In contrast to other bombshell dirty roses like Agent Provocateur, Frédéric Malle Portrait of a Lady or Etat Libre d’Orange Rossy de Palma, Rose Nacrée du Désert is much more versatile and subtle. Perfumer Thierry Wasser might have been inspired by the Middle East when he created Rose Nacrée du Désert, but this rose in the dune fantasy comes to us by way of Champs-Élysées. Rose Nacrée du Désert is understated and nonchalant, rather than in your face glamorous. It’s sexy in the same way that a fitted black shift dress can be irresistible. For this reason, it wears like a perfectly tailored jacket and it feels haute couture all the way. Too bad that Guerlain chose to limit the distribution of this beauty.

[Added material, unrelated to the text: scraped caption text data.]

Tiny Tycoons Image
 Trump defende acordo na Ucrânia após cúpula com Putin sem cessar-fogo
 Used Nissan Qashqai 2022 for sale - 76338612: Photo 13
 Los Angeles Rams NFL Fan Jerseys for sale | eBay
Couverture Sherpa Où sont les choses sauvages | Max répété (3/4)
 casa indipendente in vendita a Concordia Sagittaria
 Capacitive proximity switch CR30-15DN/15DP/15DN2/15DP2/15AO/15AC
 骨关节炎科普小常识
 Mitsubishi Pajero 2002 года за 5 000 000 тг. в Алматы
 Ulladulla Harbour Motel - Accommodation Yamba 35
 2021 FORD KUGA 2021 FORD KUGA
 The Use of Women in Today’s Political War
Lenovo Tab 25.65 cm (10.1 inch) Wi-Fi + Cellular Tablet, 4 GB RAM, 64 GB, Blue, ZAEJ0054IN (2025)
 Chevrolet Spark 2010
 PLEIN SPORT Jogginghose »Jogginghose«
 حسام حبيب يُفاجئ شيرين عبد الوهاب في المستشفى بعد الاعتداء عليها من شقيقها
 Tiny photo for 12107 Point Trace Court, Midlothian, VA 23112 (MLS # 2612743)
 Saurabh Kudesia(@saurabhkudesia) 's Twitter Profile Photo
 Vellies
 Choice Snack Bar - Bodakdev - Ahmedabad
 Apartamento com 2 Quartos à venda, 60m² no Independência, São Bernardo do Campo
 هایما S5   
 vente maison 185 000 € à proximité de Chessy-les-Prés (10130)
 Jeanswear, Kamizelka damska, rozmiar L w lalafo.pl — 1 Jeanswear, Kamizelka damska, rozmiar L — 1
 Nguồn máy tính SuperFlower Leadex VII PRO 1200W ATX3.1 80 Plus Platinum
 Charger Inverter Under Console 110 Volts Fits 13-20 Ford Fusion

Guerlain Rose Nacrée du Désert is available at the Paris Guerlain flagship store and Haute Parfumerie Place Vendôme in Belgium, both of which ship internationally. Edit (thanks to Katie): Harrods and Selfridges in London carry this line as well. Since Les Déserts d’Orient perfumes were originally created for the Middle Eastern market, the fragrances are also sold in the United Arab Emirates and other Middle Eastern locations. 75ml, 190 euros.
Sample: my own acquisition (many thanks to my kind reader David)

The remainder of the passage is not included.